George thought he must be remembering the rout that Sarrey experienced one year, a terrible loss of life, and even worse, an embarrassing end to King Helm’s best-trained men. George’s father had hoped it would be the end to all war between the two kingdoms, but the following year King Helm had found his own new cannon to use, and the war went on for two more years. All before George was even born, yet it was as real to him as if he had seen it himself.

“That cannon,” said George softly.

There was a long silence between them.

“Will you let me try you again?” asked George. It was the last thing he truly wanted, to be defeated yet again by King Helm. Still, he was determined to show that if he could not win, at least he would not give up. That he could do for his kingdom and for its future.

“You are ready?” King Helm looked skeptical.

“I am ready,” said George.

He ended another two hours later, badly bruised over his entire torso, worst on his back and arms.
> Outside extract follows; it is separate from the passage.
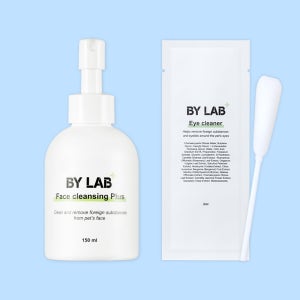 바이랩 강아지 눈물자국 전용 세정제 눈곱 냄새 제거 면봉 아이클리너 얼굴 케어 2종 세트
Yet
with each blow George thought that King Helm’s appreciation of him had grown. Not as a warrior but as a man…and a prince.

“Now it is time for dinner,” said King Helm with a faint smile.

“Good,” George said.

“Ha! That is what you think.”

It was a comment George did not understand until he was sitting in the high-backed chair at the table with dozens. His body ached worse now than it ever had while it was warm on the field. He did not know if he could even move his head, let alone his hands. To chew was agony. To speak clearly: impossible. And through it all he had to smile, as King Helm smiled, as Beatrice smiled. Ignoring it all.

Too old for a warrior? George only wished it were true.